PROVINCE OF PACIFICADOR
San Francisco de Macoris, the capital of the province, is about 85 miles northwest of Santo Domingo City and occupies the site of a fort established by Ovando in 1504 and known as the fort of La Magdalena. It was founded in 1774 around a chapel dedicated to St. Ann which stood on a ranch called San Francisco. Lying in a fertile district formerly devoted to tobacco and now one of the chief cacao regions of the island, it is a town of considerable business. It is also called Macoris del Norte, to distinguish it from San Pedro de Macoris, which is called Macoris del Este.
Villa Rivas, on the Samana-Santiago Railroad, 19 miles from Samana bay, was formerly called Almacén, or Storehouse, because here was situated, before the railroad was built, a warehouse for the storage of merchandise imported and exported by way of Samana and the Yuna river.

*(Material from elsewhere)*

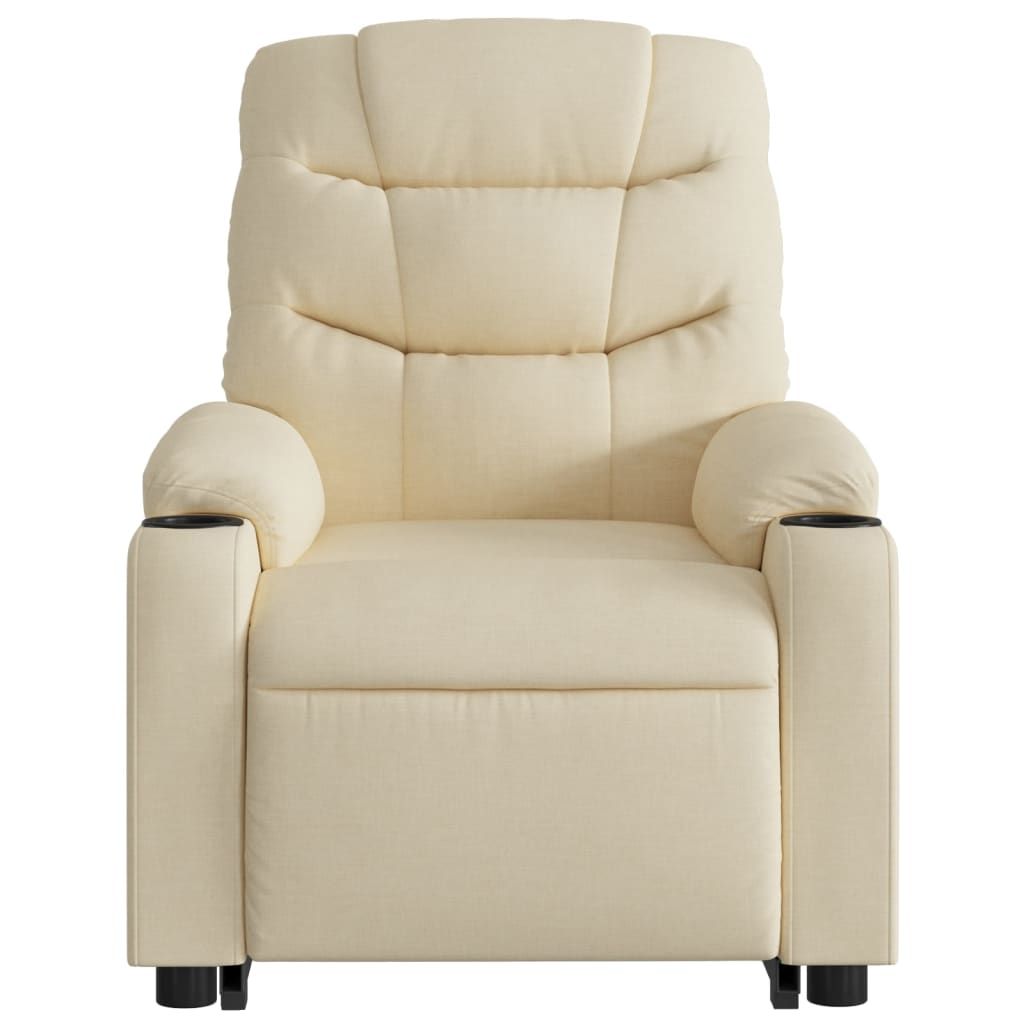 Electric Stand up Massage Recliner Chair Cream Fabric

The other towns, all of recent foundation, are Matanzas, a fishing village on the edge of a cacao district on the northeast coast, and three villages named after heroes of the War of Restoration: Cabrera on the coast at Tres Amarras point; Castillo, 8 miles west of Rivas; and Pimentel, formerly called Barbero, a station on the Samana-Santiago Railroad and the center of an important cacao zone.